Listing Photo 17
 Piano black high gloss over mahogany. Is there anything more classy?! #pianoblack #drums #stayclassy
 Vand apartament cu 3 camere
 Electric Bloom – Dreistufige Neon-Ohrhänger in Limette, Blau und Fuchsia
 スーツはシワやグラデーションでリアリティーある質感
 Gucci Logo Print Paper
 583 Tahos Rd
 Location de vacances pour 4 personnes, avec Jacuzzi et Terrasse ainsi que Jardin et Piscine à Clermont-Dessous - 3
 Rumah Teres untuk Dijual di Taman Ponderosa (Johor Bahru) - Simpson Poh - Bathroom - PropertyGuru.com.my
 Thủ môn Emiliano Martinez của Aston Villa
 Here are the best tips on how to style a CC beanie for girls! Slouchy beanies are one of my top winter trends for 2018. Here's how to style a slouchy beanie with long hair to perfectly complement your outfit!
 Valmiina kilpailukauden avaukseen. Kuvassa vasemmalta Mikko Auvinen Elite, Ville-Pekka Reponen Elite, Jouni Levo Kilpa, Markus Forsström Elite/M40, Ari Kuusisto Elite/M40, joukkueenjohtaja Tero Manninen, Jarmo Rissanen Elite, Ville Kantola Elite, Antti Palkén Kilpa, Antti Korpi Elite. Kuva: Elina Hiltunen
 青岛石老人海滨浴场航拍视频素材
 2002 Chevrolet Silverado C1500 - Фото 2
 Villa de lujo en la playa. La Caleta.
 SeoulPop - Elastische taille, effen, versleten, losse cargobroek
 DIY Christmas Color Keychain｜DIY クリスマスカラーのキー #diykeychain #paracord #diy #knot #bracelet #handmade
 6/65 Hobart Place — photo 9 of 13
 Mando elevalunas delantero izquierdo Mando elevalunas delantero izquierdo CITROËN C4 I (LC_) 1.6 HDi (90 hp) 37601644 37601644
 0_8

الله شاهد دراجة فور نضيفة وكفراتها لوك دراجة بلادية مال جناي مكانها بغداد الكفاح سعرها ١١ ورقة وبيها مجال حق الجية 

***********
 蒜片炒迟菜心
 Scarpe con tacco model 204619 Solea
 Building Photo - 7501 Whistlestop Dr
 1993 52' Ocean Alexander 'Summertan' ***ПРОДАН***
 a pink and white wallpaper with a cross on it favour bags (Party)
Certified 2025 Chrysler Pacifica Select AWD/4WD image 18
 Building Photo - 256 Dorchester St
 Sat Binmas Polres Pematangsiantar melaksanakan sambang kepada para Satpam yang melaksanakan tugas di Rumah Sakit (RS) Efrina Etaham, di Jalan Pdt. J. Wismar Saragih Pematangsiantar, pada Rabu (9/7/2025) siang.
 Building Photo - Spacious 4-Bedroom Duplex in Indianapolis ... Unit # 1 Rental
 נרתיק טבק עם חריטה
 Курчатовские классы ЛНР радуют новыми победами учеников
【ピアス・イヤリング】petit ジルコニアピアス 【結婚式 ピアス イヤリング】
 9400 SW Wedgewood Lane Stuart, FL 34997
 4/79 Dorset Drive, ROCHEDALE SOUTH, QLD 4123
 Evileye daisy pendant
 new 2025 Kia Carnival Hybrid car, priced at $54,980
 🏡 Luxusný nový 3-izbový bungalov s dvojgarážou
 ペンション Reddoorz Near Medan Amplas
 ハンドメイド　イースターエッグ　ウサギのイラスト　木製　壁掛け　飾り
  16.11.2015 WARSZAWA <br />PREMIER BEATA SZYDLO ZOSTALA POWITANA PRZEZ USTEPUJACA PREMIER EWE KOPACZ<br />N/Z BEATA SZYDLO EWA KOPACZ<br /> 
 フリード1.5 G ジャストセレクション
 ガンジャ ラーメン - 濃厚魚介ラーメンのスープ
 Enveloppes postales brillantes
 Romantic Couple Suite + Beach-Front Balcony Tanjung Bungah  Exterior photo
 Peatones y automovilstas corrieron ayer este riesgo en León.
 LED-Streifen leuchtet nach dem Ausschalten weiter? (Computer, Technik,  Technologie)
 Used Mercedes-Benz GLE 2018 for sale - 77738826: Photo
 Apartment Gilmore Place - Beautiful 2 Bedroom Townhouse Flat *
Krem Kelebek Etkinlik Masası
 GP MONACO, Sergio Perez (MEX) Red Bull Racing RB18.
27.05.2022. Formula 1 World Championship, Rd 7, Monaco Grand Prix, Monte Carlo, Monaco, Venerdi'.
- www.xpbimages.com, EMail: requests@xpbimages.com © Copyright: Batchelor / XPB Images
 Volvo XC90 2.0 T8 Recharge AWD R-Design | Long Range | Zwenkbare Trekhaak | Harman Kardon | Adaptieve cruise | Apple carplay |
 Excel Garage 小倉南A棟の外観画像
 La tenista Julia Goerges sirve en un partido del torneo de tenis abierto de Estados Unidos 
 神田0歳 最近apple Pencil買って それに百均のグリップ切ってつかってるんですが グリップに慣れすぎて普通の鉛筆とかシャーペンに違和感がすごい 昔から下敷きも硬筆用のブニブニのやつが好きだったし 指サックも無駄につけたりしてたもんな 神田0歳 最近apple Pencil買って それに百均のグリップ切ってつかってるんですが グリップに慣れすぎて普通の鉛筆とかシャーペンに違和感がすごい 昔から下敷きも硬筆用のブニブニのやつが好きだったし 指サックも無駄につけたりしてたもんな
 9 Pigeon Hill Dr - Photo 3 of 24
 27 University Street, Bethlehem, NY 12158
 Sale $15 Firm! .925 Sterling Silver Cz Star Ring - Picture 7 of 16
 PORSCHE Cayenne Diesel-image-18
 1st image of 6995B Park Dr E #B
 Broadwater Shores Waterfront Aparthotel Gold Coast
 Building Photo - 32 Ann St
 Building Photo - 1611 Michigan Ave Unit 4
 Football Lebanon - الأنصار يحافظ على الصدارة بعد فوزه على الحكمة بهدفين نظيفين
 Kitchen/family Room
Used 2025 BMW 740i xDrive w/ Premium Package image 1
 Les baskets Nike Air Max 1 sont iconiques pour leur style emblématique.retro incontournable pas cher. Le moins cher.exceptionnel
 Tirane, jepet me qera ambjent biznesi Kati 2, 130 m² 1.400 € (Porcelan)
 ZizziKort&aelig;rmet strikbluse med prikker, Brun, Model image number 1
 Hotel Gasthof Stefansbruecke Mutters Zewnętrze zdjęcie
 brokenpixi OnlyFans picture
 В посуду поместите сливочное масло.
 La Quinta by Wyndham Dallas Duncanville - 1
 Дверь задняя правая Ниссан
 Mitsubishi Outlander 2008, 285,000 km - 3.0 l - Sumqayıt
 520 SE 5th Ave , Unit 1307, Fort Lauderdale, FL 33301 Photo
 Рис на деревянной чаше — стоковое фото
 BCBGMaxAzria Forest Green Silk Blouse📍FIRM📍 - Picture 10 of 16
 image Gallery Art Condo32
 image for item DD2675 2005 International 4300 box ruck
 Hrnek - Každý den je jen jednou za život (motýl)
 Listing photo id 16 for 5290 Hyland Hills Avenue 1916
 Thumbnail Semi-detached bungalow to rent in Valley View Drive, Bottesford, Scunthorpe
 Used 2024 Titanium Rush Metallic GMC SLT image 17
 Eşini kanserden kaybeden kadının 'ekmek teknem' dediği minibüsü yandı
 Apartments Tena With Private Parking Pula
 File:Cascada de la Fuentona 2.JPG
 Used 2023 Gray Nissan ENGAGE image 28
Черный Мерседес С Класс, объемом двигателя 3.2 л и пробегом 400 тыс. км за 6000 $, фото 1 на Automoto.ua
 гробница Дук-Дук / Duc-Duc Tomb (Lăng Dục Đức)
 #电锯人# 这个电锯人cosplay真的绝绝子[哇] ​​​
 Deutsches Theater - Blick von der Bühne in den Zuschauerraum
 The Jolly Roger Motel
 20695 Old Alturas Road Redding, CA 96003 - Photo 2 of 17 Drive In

WORK INSTRUCTIONS: Please reproduce exactly the lines in the listing above from the one containing "ガンジャ ラーメン - 濃厚魚介ラーメンのスープ" through the one containing "Рис на деревянной чаше — стоковое фото", both included, and nothing more.

TASK ANSWER:
 ガンジャ ラーメン - 濃厚魚介ラーメンのスープ
 Enveloppes postales brillantes
 Romantic Couple Suite + Beach-Front Balcony Tanjung Bungah  Exterior photo
 Peatones y automovilstas corrieron ayer este riesgo en León.
 LED-Streifen leuchtet nach dem Ausschalten weiter? (Computer, Technik,  Technologie)
 Used Mercedes-Benz GLE 2018 for sale - 77738826: Photo
 Apartment Gilmore Place - Beautiful 2 Bedroom Townhouse Flat *
Krem Kelebek Etkinlik Masası
 GP MONACO, Sergio Perez (MEX) Red Bull Racing RB18.
27.05.2022. Formula 1 World Championship, Rd 7, Monaco Grand Prix, Monte Carlo, Monaco, Venerdi'.
- www.xpbimages.com, EMail: requests@xpbimages.com © Copyright: Batchelor / XPB Images
 Volvo XC90 2.0 T8 Recharge AWD R-Design | Long Range | Zwenkbare Trekhaak | Harman Kardon | Adaptieve cruise | Apple carplay |
 Excel Garage 小倉南A棟の外観画像
 La tenista Julia Goerges sirve en un partido del torneo de tenis abierto de Estados Unidos 
 神田0歳 最近apple Pencil買って それに百均のグリップ切ってつかってるんですが グリップに慣れすぎて普通の鉛筆とかシャーペンに違和感がすごい 昔から下敷きも硬筆用のブニブニのやつが好きだったし 指サックも無駄につけたりしてたもんな 神田0歳 最近apple Pencil買って それに百均のグリップ切ってつかってるんですが グリップに慣れすぎて普通の鉛筆とかシャーペンに違和感がすごい 昔から下敷きも硬筆用のブニブニのやつが好きだったし 指サックも無駄につけたりしてたもんな
 9 Pigeon Hill Dr - Photo 3 of 24
 27 University Street, Bethlehem, NY 12158
 Sale $15 Firm! .925 Sterling Silver Cz Star Ring - Picture 7 of 16
 PORSCHE Cayenne Diesel-image-18
 1st image of 6995B Park Dr E #B
 Broadwater Shores Waterfront Aparthotel Gold Coast
 Building Photo - 32 Ann St
 Building Photo - 1611 Michigan Ave Unit 4
 Football Lebanon - الأنصار يحافظ على الصدارة بعد فوزه على الحكمة بهدفين نظيفين
 Kitchen/family Room
Used 2025 BMW 740i xDrive w/ Premium Package image 1
 Les baskets Nike Air Max 1 sont iconiques pour leur style emblématique.retro incontournable pas cher. Le moins cher.exceptionnel
 Tirane, jepet me qera ambjent biznesi Kati 2, 130 m² 1.400 € (Porcelan)
 ZizziKort&aelig;rmet strikbluse med prikker, Brun, Model image number 1
 Hotel Gasthof Stefansbruecke Mutters Zewnętrze zdjęcie
 brokenpixi OnlyFans picture
 В посуду поместите сливочное масло.
 La Quinta by Wyndham Dallas Duncanville - 1
 Дверь задняя правая Ниссан
 Mitsubishi Outlander 2008, 285,000 km - 3.0 l - Sumqayıt
 520 SE 5th Ave , Unit 1307, Fort Lauderdale, FL 33301 Photo
 Рис на деревянной чаше — стоковое фото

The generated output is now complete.